I wish unherd would get back to real global topics. MMT, M2 supply, education lost, mental health and illness not detected by Lockdown, Treasury Bond interest, real yield, inflation, Dow Jones, Nasdaq, deficit spending, The 1.9$ infrastructure stimulus which is only 5% infrastructure, and 95% social engineering, commodities, equities, jobs, WFH (work from home), China, shipping containers arriving full and leaving ports empty, Nuclear electricity base load, renewables with no base load, EV, mortgages and real estate, Constitutional Freedoms (I notice the date on the video above is 04/06/1921, which is how Americans write it), Race and what is wanted by the race industry, and what will the future bring.

If this was a War On Covid, it is almost over and we lost. Still, I look forward to the Nuremberg Trials which need to fallow, and hope Boris, the SAGE guys, et al, go off to Tyburn Dock via traitors gate as they so richly deserve. We hanged Lord Haw-Haw after WWII, so it seems there is a precedent for most of the MSM editorship.

Dennis Boylon
Dennis Boylon
3 years ago
Reply to  Galeti Tavas

Farrakhan isn’t very sharp anymore.

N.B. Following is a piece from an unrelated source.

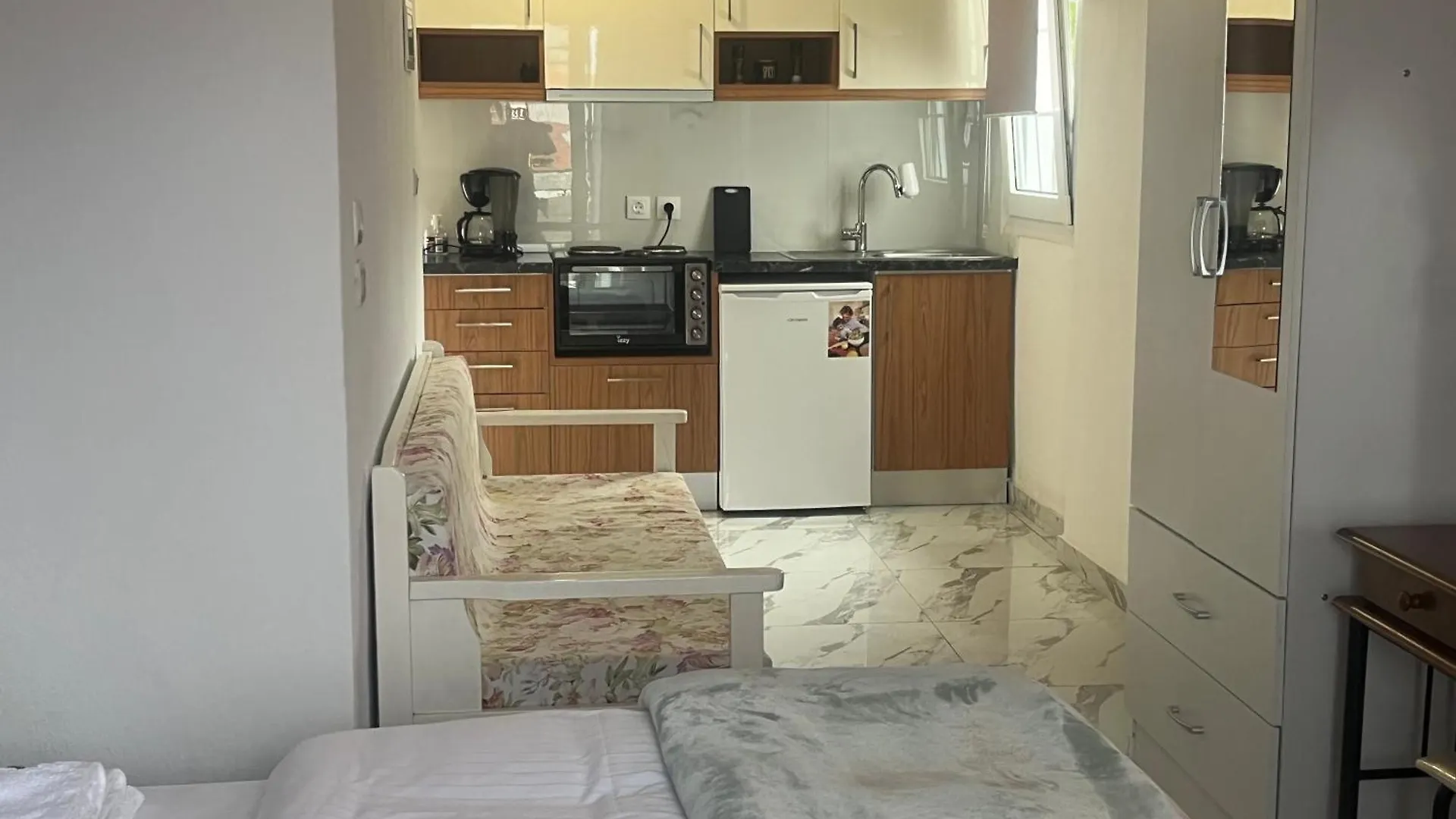 Villa Askamnia And Suites 니키티 4*,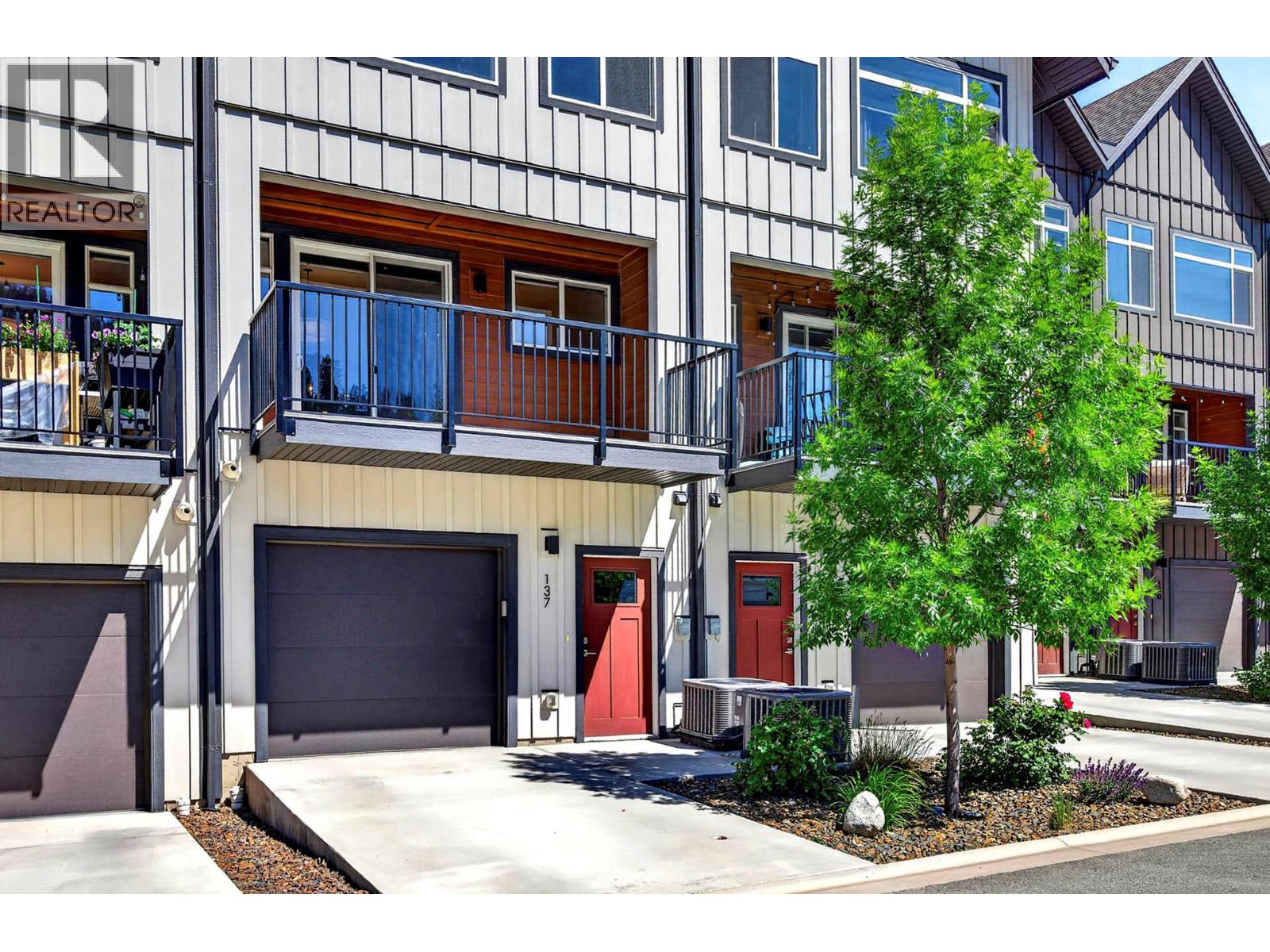 1901 Qu'appelle Boulevard Unit# 137, Kamloops, British Columbia  V2E 0C9 - Photo 3 - 10389857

It wouldn’t be that interesting. Glen Ford maybe but I think his health isn’t the best. He isn’t as famous as Farrakhan but is more persuasive.

Galeti Tavas
Galeti Tavas
3 years ago
Reply to  Galeti Tavas

I apologize for the above comment – I did not know this interview was live streaming so just saw the end – I now watched the entire thing and it is much better – just seeing the end and thinking that was it I did not get the actual interview.

Armand L
Armand L
3 years ago

David Rubin, the bastion of intelligence and curiosity. Lol!